As she unlocks the gate, Lyudmila’s care-worn face softens with relief. “Every time I see the ambulance, my heart fills with love,” she says.

Doctor Victoria and nurse Alona also manage smiles as they clamber out of the white and orange ambulance. Lyudmila’s house is a regular stop for their team of three, which also includes Vitalii, their driver. They are here to see Maxim, who lies inside on a medical bed. Years ago, a neurological illness left him paralyzed and mostly confined to his room.

As soon as they enter the house, Lyudmila launches into motion. She answers questions from Doctor Victoria about Maxim’s condition, lists the supplies they need, and offers everyone tea. As she adjusts her son’s bed so the doctor can reach him more easily, Maxim laughs and tells his mother she worries too much.

A loving smile erases the worry lines etched in Lyudmila’s face. “He is always so positive. Never sad or depressed about his situation. He always jokes around.”

Victoria begins her examination while Alona unpacks diapers and bandages from a bright red medical bag. Outside, Vitalii waits with the ambulance, his ears pricked for the sounds of explosions.

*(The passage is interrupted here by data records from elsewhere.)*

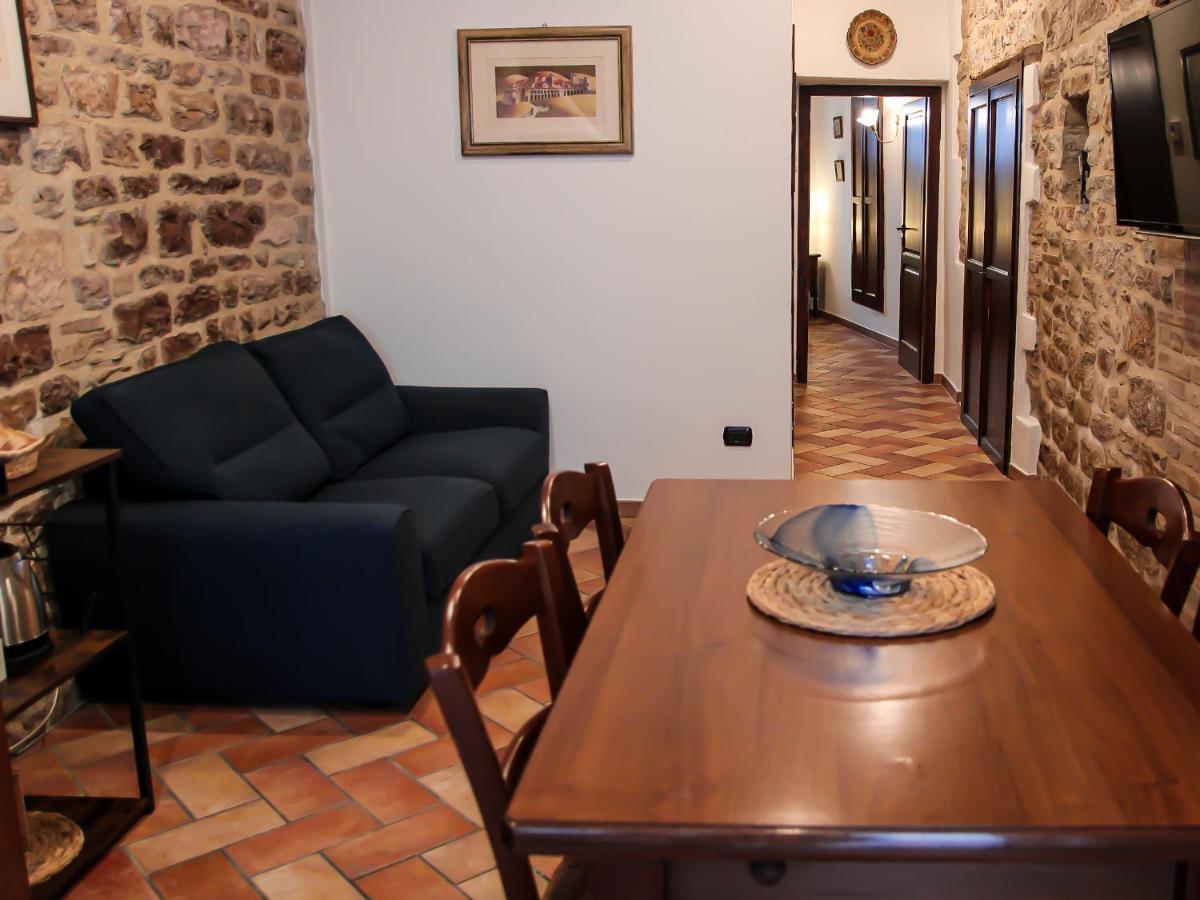 グッビオCasa Armanni - La Tua Casa Di Pietraアパートメント エクステリア 写真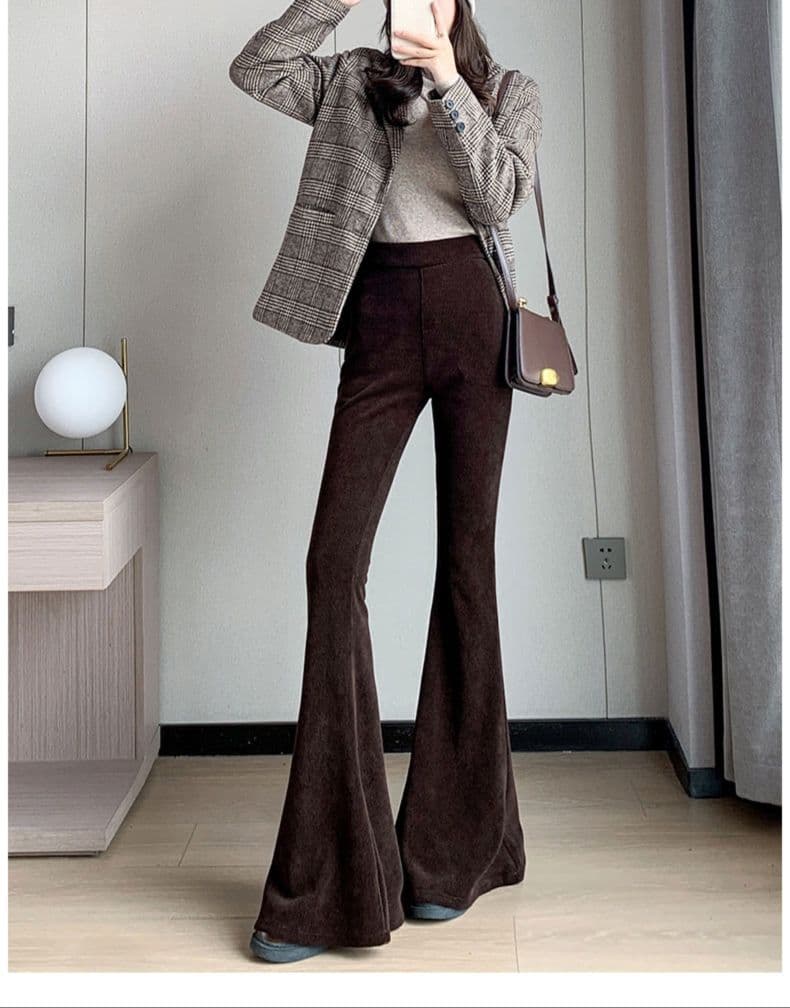 フレアパンツ 優美なラインリブフレアパンツ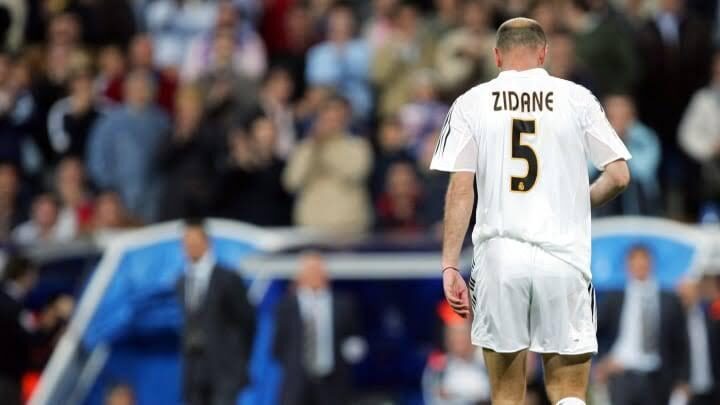 Zinedine Zidane mặc áo số 5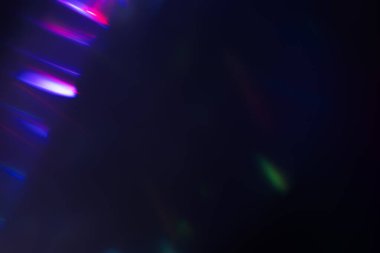 Bulanık neon ışık. Mercek alevi kaplaması. Bokeh floresan flaş parıltısı. Koyu siyah soyut arkaplanda odaklanmış mavi mor renk lekeleri.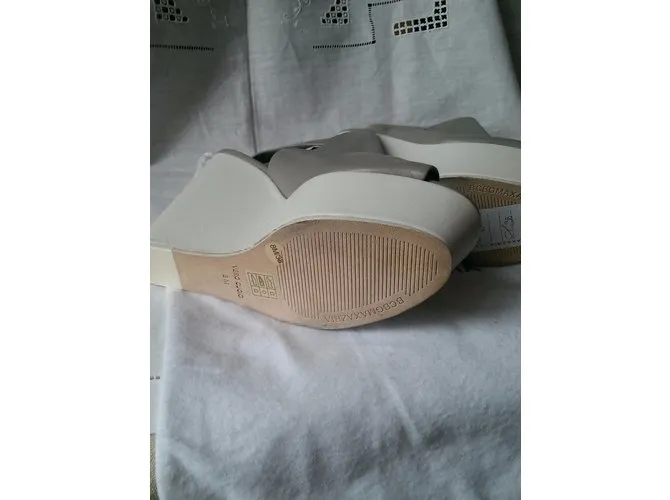 Bcbg Max Azria Tacones Gris 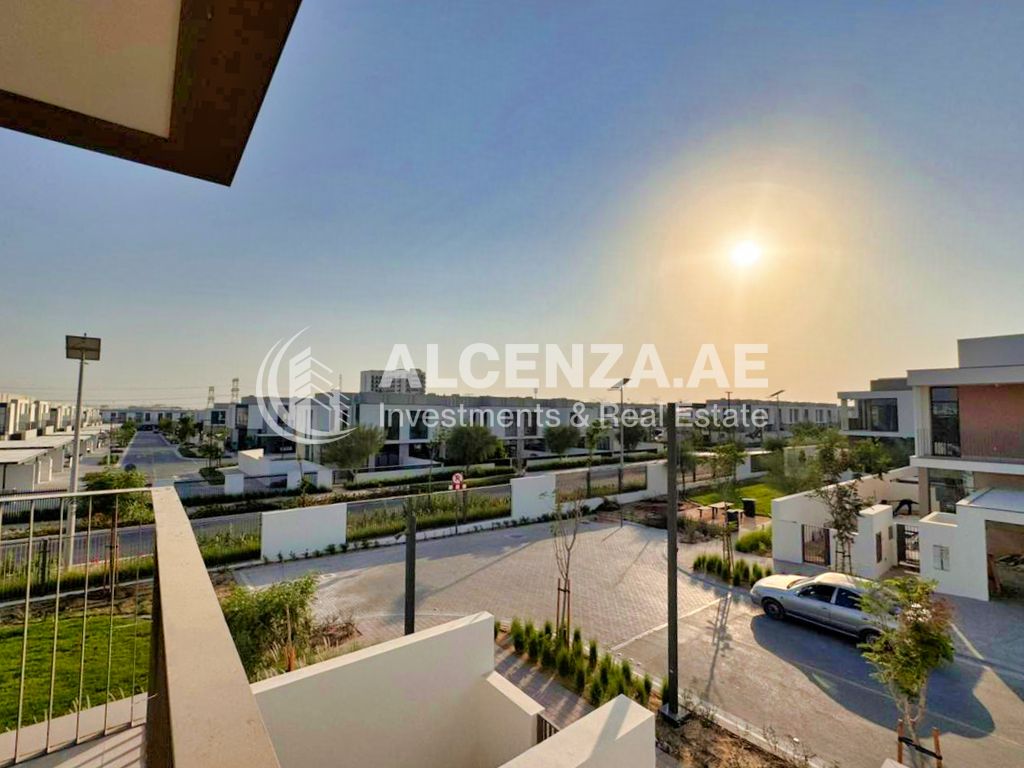 Single Row | Corner Unit | 4BR + Maids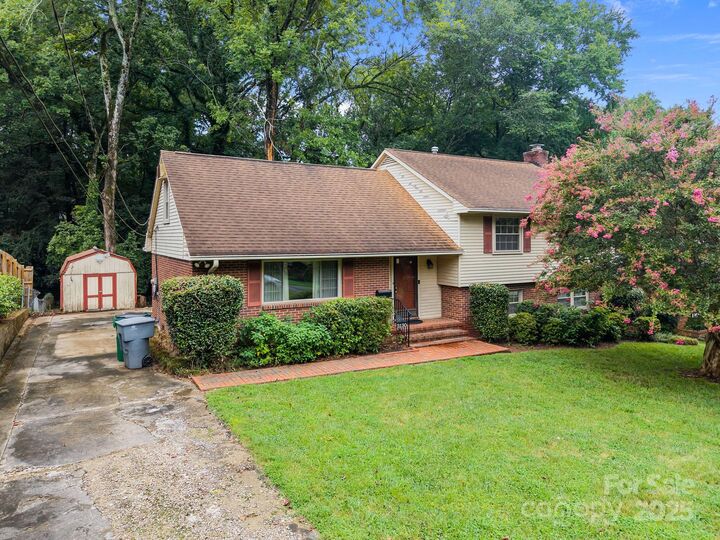 3130 Spring Valley Road  Charlotte NC 28210 photo
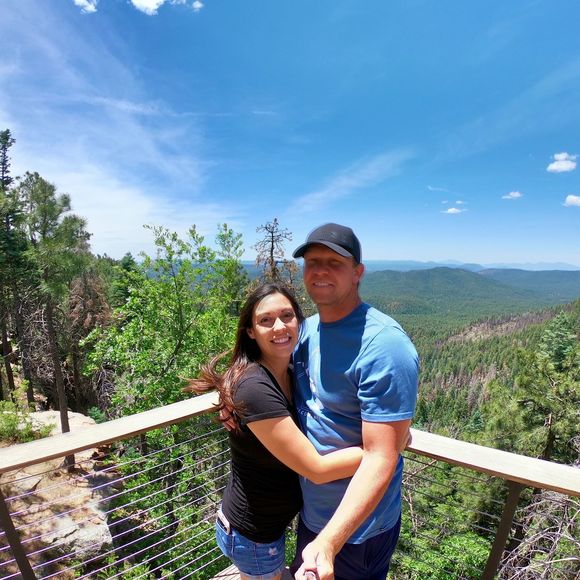 Profile Picture of Chadand Sinn (@ashleysinn939) on Poshmark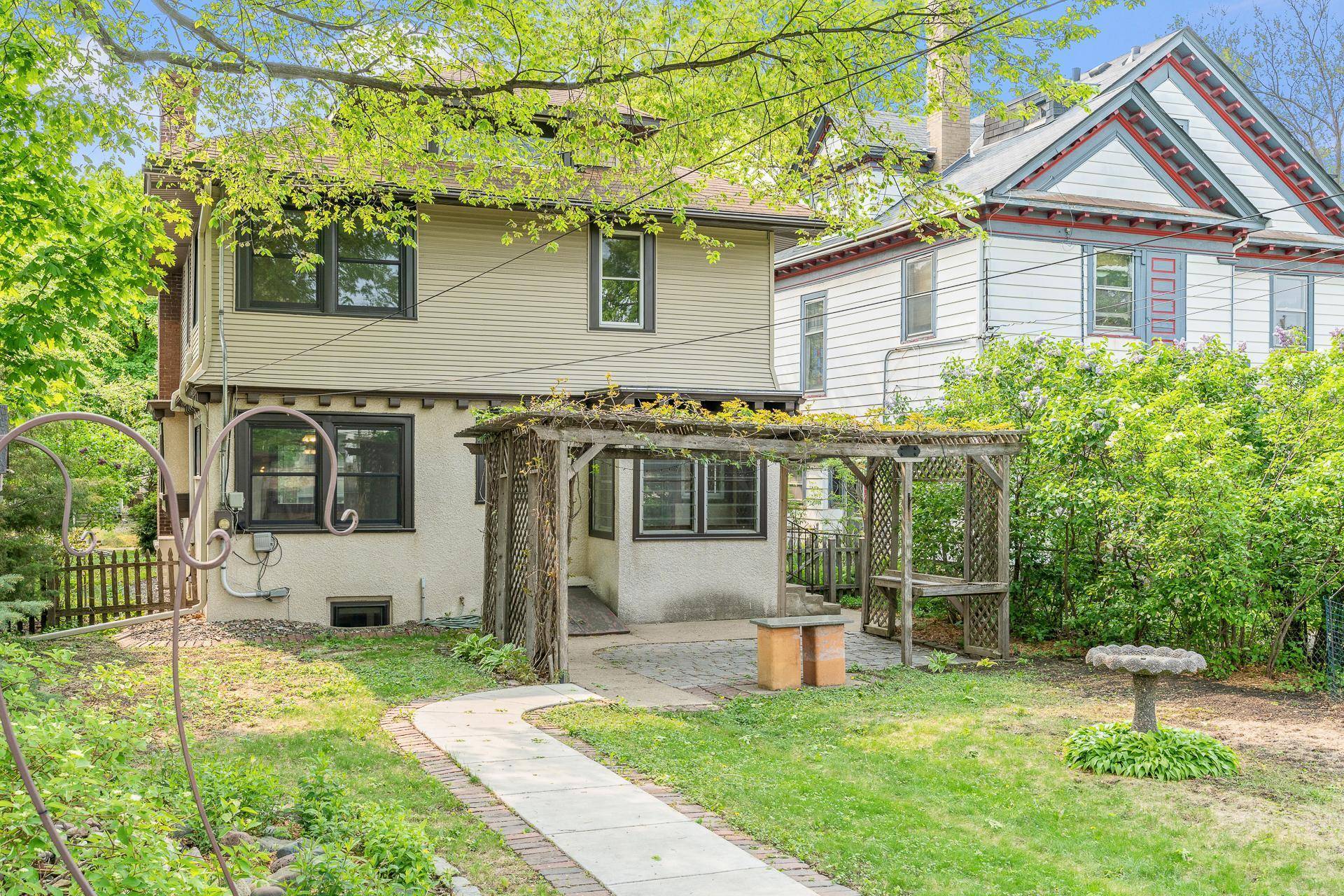 Minneapolis, MN 55404,2505 Pleasant AVE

A man opens the door of a CARE branded ambulance and mobile care clinic in Kramatorsk, Ukraine.
Vitalii is not only responsible for getting Victoria and Alona to the patients who need them, but also for keeping his team as safe as possible in what is essentially a war zone.

The endless howl of an air raid siren

Victoria, Alona, and Vitalii are one of only three remaining mobile health teams in the area. Not long ago, the coordinating clinic boasted eight of these teams, each with a fully stocked, CARE-branded ambulance, bringing medical care to people who couldn’t reach clinics or hospitals. But the project, once supported by international humanitarian funding through CARE and local partners, ran out of resources in June amid widespread US aid cuts and a broader global decline in humanitarian aid.

Without renewed support or new sources of supplies, even these last few teams may not last long. Without them, their patients won’t survive, either.

The humanitarian situation in Ukraine’s health sector is dire, especially in the east near the frontlines. People have severely limited access to medicines and medical supplies, particularly for chronic illnesses like heart disease, diabetes, cancer, and asthma. Pharmacies are either closed or empty. When medicines are available, they are far too expensive for older people who often survive on a small pension of $60-100 a month.

“Our supply of medicine and medical items is nearly depleted,” says the clinic’s head physician Oleksandr. “We do not want to arrive at our patients with empty hands.”

Every morning, Victoria and Alona pack their few remaining medicines and bandages into heavy bags while their phones chime with requests for help. A mother calls Victoria to ask if they still have orthopedic mattresses available. On another call herself, Alona shakes her head sadly, taking notes about needing more diapers.

Still on the phone, she turns to Victoria and asks if they have anything to help with allergies. The doctor’s eyes light up. Finally, something she can fix. “Yes, we still do. I’ll pack something.”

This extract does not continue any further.